The cash flow analysis by which Nucor adheres to has relatively few requirements to undertake a new investment. The first must be that new plants are supposed to achieve 25% ROA within five years of start-up. We look at this by examining the parameters of cost and revenues and finding the net income given the 5th year and dividing by the total assets minus any depreciation.

As it stands ROA would be give a return of 22. 34% as the excel file shows. This would indicate how efficient management is using assets to generate earnings.

Whether by design or industry comparison, this result does not meet the requirements that Nucor would approve. The next part of the cash flow analysis deals with Net Present Value (NPV). Nucor and any company that seeks to project if an investment is worthwhile to pursue must understand if the cash flows are in excess of the cost of capital.

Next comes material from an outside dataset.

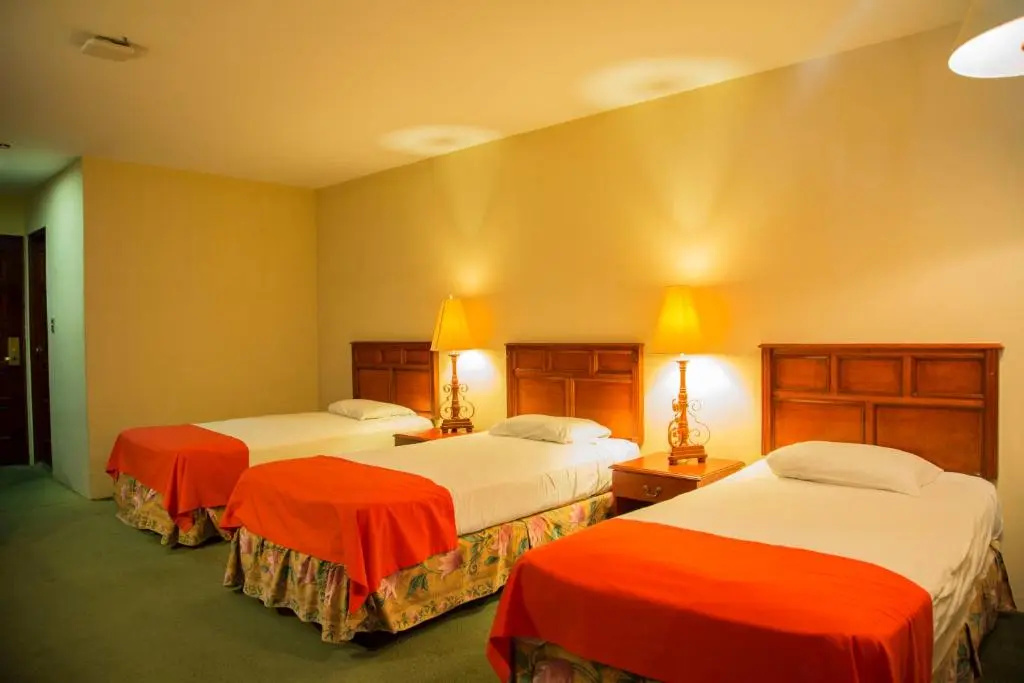 Conquistador Hotel and Conference Center - Chambres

There are several different assumptions that are given to understand NPV for this project. The excel sheet “CF analysis-thin slab” shows in detail that cash flows are delayed due to plant construction and start-up costs. When the negative and positive cash flows are calculated by the discount rate of 15% there appears a NPV of -$51. 32. This shows that the project does not present a likelihood of meeting capital requirements. This is the last of the requirements that Nucor needs to be positive because it correlates with profitability.

Scenario analysis will be looked at to understand if that the conditions assumed for the project can change the outcome of the decision.

The conclusion of cash flow analysis could be projected differently if the parameters are changed. These are 3 scenarios that are presented by understanding different economic and competitive conditions: * Growth Optimist. The growth assumptions are presumed to be in line with historical growth rates for steel prices. * Cost Cutters. An efficient environment that finds CSP technology accepted in the industry and used more affordably. Market Woes.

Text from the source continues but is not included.